De Sam Lazaro — whose formal title is Senior Distinguished Fellow at the Hendrickson Institute for Ethical Leadership — says he’s out of country about eight to ten days a month. The Under-told Stories roster features stories from Pakistan, India, Israel, Jordan, Cambodia, South Africa and Kenya — and that was only the last half of 2010.

Not bad for a guy who worked for KTCA’s “Almanac” for two months in 1985 before becoming PBS’s upper Midwest bureau chief, de Sam Lazaro’s eventual gateway to the world.

“We try to make the foreign less foreign,” he says of Under-told Stories. “Why are we engaged with Malawi, with the Congo, what relevance is there to us as Americans, as Minnesotans? Not just in a moral vacuum, but in terms of economic and security interests, what opportunity there is for students. We also look at social entreprenuerialism as a way to look at the world’s problems. We’re not sugar-coating stories, but we’re casting things as solutions-oriented.”

Join the Conversation

3 Comments

  1. This is a real loss for St. John’s. I was a student there when the Project for Under-Told Stories came to SJU, and a student in communications (pursuing journalism) I personally benefitted from the NewsHour affiliation. When the RNC was coming to St. Paul, Fred and his producer, Nikki See, were tasked with finding a half-dozen PAs to help out while the production moved to St. Paul for the week. All the PAs were students chosen were from the College of St. Benedict and St. John’s University, including me. During my three weeks working at the convention, I worked my way into serving as camera assistant on the floor of the convention, assisting during the live broadcast. I also got to sit in as on-set PA during NBC’s Meet the Press (they rented the NewsHour set to shoot on). I’m not sure if this was a typical occurrence, but it still remains one of the most rewarding experiences I took away from St. John’s. It’s a shame they’re losing it.

  2. I’ll agree with my classmate and good friend that this is a huge loss for St. John’s. One of my most memorable courses was a small-group seminar taught by de Sam Lazaro and Nick Hayes taken in Fall of 2005. As a college sophomore focusing on International Relations, it was very significant to have a course taught by journalists who had reported on global realities to supplement to my courses taught by political scientists.

    David: Maybe you mean the Midtown campus is 81 miles closer to St.
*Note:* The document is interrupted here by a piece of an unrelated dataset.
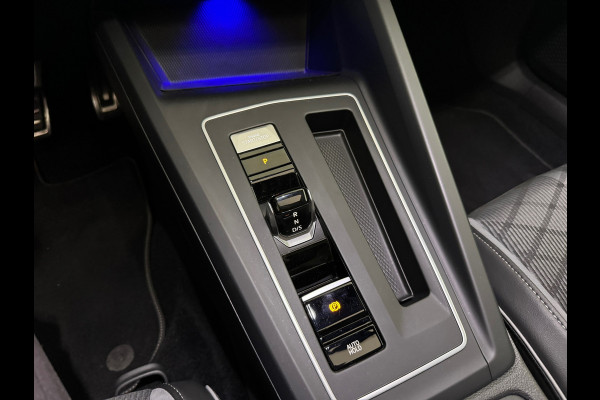 Volkswagen Golf 1.5 eTSI R-Line Pano|Keyless|Camera|IQ|Sfeer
Paul, but I think Collegeville is a much shorter drive from our fair cities compared to Winona.

    Additionally, I’d be curious to know what happened to the collaboration between Hayes and de Sam Lazaro. They used to teach the course together and I think both were involved with Undertold Stories.

  3. Matt – thanks. I misunderstood what Fred meant about the drive. He meant Minneapolis campus is 81 miles closer than Collegeville … fixed now.